Sparse textures are somewhat close to this, but you still need to state up front how big they are. And there’s no guarantee that giving them memory will not have allocation costs.

Considering the virtualization of GPU memory on most graphics hardware, it’s highly unlikely that this is ever going to happen. GPU memory belongs to the OS first and foremost; you’re not going to be allowed to “treat GPU memory as a big untyped memory arena”. That’s basically destroying the abstraction that OpenGL exists to create.

If you want nothing between you and the details of the GPU, then you’re going to have to use a console.

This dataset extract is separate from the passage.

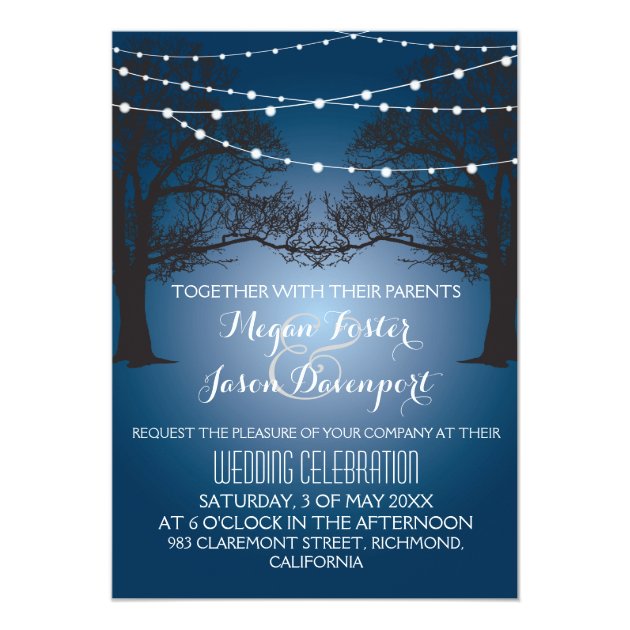 String Light And Tree Modern Wedding Invitation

As for the array texture thing, no. Array textures are really just a specialized 3D texture; they rely on being contiguously allocated. You can use bindless texturing to achieve a similar effect to this, though.

Thanks for the reply. To the above, no. More like: allocate a large memory arena from GL (for instance, in a buffer object), and have the app manage it without GL being involved in the decision, …or at least be minimally involved. For instance, designate X bytes starting at offset Y in buffer object B for texture T1 with res R and iformat I, etc. – rinse, repeat. The goal being to allow application-specific memory management of the block, so you can just “re-type” memory as needed, which ideally should be cheap.

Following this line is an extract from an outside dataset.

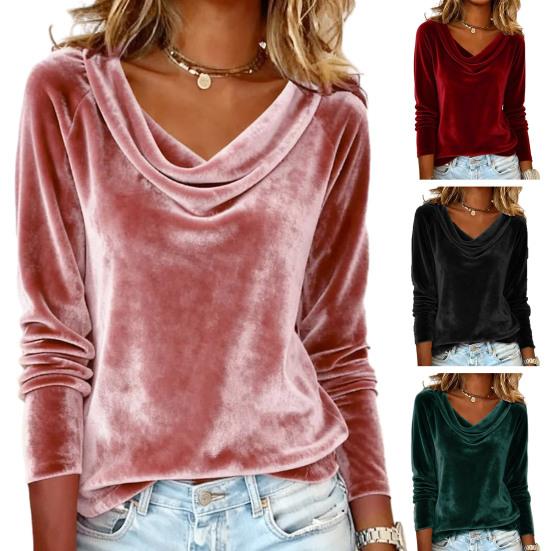 Women Tops Swing Collar Long Sleeve Velvety Fabric Solid Color Pullover Tops Golden Velvet Casual Blouse Office Date Wear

Versus the current crystal-ball approach of: “hmmm, I think/hope/pray I’m not going to need more than 42 1024x1024 DXT5 texture slices, 162 512x512 RGTC2 texture slices, etc. so I’ll preallocate all those because runtime GPU texture allocation/free is so prohibitive” and then later at render time while run-time paging discover that those estimates don’t cut it, so you can’t display some model at the desired resolution …or at all! In this case, you’d really like to commandeer some known-unused memory from another pool (or better yet, just have one “big” pool to scavange from), but that doesn’t work because you can’t just re-type the memory (i.e. designate it as for a specific iformat, res, num levels). You have to totally free and realloc it, leading to lots of GPU memory trauma (and frame breakage to prove it), so that’s out. And hopefully we all know the horrible effects that can occur to your frame rate when GPU memory gets near full, so just blissfully overcommitting GPU memory and letting the driver sort it out is a non-starter here as well.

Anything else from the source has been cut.